Foothill Conservancy and Amador County reach agreement in general plan dispute
The County of Amador and the Foothill Conservancy took a significant step to advance protection of the scenic beauty, community character, agricultural lands and wildlife local residents cherish. The parties have approved a settlement agreement to resolve the Conservancy’s November 2016 lawsuit challenging the County's approval of its new general plan.
“We are grateful that the county agreed to work with us to find a resolution that’s good for the County, its residents, and local businesses,” said Foothill Conservancy Executive Director Amanda Nelson. “The settlement addresses our key concerns about the general plan, and its provisions will better protect the county’s agricultural lands, scenic beauty, community character and wildlife. It will also set up a system that requires the County to track key planning benchmarks and consider course corrections if things are headed in the wrong direction.”
Under the terms of the settlement, the county will consider County code amendments to:
- Better protect homes from wildland fire when land is developed in high- and very high-risk wildland fire areas.
- Reduce the likelihood of agricultural lands converting to nonagricultural uses.
- Preserve wildlife, aquatic resources, and water quality.

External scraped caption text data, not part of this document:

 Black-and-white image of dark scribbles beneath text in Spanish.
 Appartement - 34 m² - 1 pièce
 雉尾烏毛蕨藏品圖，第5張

- Require applicants for commercial projects of 5,000 square feet or more to conduct an economic impact analysis of their project on the viability of existing businesses.
In addition, the county will develop ordinances to:
- Protect rural scenic quality along Amador County’s roads.

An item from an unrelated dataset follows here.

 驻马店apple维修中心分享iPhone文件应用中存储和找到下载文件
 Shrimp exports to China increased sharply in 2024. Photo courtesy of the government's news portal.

- Establish design standards for towns and existing communities to protect community character.
- Limit light pollution that harms views of dark night skies.
The settlement also requires the County to develop or make available information to project applicants and real estate agents on the risks of wildland fire, available levels of fire and emergency response, and wildland fire prevention methods.
Finally, the settlement requires the County to develop a comprehensive set of general plan performance measures, with regular monitoring and periodic reports to the county board of supervisors. If identified trends are inconsistent with the general plan’s stated goals, County staff will provide an analysis and make recommendations to the board, which will then review the recommendations at a public hearing.
“We’re very happy with this outcome,” Nelson said. “It’s much better for everyone than going through a protracted, costly legal battle and extensive general plan changes.
“We’d like to thank the county’s negotiating team, including Supervisors Morgan and Forster, County staff, and the County’s outside counsel -- the Sohagi Law Group -- as well as our attorney Michael Graf, planner Terry Watt, and Conservancy President Katherine Evatt for all of the hard work that led to this agreement.”